Audio & Voice

Which languages are supported on VisionStory?
VisionStory supports over 30 major languages from around the world, including English, Chinese, Spanish, Arabic, Portuguese, Russian, Japanese, Punjabi, German, French, Korean, Turkish, Tamil, Vietnamese, Hindi, Bengali, Urdu, Persian, Italian, Indonesian, Thai, Marathi, Telugu, Ukrainian, Malay, Romanian, Polish, Dutch, Gujarati, and Kannada, among others.
How many voices are available in VisionStory's voice library, and can I customise them?
VisionStory provides a library of over 200 voices, which you can filter by gender, age, and use case. If you do not find a suitable voice, you can also create your own custom AI voice clone by uploading or recording audio.
Why are there fewer voice options available in my language?
Some languages have fewer voice options because those voices are specially optimised for that language. However, many English voices can also speak multiple languages, so you still have flexibility in choosing a voice that suits your needs.
What is voice cloning, and how can I clone a voice?
Voice cloning lets you create a personalised AI voice that imitates a particular voice by uploading or recording audio. To clone a voice, make sure your audio is recorded clearly in a quiet setting for the best results.

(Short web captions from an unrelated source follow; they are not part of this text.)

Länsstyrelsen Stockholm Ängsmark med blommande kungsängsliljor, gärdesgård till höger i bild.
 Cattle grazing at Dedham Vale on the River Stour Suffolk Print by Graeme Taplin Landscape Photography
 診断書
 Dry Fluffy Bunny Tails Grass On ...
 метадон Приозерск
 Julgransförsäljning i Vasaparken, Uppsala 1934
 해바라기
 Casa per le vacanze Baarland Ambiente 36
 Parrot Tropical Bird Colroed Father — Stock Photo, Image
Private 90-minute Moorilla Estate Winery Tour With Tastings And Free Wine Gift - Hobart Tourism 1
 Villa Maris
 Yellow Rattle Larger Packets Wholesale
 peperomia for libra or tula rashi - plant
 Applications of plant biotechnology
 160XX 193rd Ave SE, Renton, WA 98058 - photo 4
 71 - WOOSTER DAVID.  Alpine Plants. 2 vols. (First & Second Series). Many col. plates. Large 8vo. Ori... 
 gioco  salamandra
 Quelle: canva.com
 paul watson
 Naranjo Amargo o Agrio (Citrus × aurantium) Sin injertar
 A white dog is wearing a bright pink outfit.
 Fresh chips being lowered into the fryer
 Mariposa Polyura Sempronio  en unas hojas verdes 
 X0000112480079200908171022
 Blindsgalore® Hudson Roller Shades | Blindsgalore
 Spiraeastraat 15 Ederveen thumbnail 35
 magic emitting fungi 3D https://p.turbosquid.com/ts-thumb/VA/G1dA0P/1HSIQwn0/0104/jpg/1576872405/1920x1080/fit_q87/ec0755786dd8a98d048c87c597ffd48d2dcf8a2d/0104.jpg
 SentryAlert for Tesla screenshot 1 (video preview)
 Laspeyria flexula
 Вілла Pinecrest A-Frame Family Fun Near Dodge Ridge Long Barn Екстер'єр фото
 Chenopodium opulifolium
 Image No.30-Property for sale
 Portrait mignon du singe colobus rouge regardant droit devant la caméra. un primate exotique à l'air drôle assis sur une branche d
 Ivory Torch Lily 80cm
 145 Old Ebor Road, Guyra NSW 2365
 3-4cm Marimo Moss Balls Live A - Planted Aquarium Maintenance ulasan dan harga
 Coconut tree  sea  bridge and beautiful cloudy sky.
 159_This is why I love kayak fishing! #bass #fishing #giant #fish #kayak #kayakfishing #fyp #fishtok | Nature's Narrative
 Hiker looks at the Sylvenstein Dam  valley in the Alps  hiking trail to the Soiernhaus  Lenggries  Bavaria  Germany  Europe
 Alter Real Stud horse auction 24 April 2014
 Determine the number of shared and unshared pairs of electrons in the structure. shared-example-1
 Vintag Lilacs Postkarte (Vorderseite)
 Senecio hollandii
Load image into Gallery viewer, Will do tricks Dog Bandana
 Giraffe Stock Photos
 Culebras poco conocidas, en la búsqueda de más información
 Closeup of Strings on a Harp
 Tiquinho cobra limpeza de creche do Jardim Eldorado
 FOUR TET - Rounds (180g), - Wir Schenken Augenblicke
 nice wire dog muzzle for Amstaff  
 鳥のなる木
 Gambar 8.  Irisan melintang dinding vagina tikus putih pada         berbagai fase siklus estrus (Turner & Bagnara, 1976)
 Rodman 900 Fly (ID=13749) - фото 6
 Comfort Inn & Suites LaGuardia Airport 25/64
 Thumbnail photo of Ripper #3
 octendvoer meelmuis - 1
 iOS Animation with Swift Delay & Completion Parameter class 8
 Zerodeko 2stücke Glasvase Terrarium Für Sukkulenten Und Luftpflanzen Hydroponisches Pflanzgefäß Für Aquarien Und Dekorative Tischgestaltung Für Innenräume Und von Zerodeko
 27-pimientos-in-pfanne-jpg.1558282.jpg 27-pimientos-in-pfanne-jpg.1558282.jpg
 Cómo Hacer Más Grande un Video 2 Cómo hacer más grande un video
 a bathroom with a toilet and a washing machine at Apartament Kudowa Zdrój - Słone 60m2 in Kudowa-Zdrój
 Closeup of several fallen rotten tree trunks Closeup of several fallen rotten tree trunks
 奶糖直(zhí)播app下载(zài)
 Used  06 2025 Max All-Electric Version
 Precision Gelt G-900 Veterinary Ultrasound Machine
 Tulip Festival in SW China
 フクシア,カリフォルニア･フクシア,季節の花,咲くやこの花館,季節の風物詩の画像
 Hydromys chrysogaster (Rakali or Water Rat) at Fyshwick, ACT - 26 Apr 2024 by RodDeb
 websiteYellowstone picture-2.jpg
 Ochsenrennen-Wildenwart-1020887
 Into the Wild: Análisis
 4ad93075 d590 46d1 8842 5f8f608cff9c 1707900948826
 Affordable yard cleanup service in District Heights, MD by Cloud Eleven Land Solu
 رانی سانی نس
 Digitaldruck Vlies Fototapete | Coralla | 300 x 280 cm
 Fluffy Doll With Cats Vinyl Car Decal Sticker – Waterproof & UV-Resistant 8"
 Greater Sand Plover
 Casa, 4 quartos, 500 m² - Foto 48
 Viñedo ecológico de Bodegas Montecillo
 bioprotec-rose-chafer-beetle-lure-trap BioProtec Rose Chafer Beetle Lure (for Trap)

Is voice cloning free to use?
To use the voice cloning feature in video generation, you need to have a Pro plan or a higher subscription.
How many languages does voice cloning support?
Voice cloning is freely supported in over 32 languages. The list of supported languages may change, so please check the voice cloning feature for the latest options. Please note: while cloning is free, you will need a subscription to use the cloned voice in video creation.
What is preview audio, and what are its benefits?
Preview audio lets you generate and listen to the speech for your talking video before creating the final video. This helps you check the voice, pronunciation, and pauses to make sure everything sounds right. You can adjust the voice as needed before using credits to generate the video. For all subscribers, preview audio is free up to a daily quota, which resets every day. If you use up your daily preview quota, you can buy more using credits.
What does the stopwatch icon and +0.5s indicate?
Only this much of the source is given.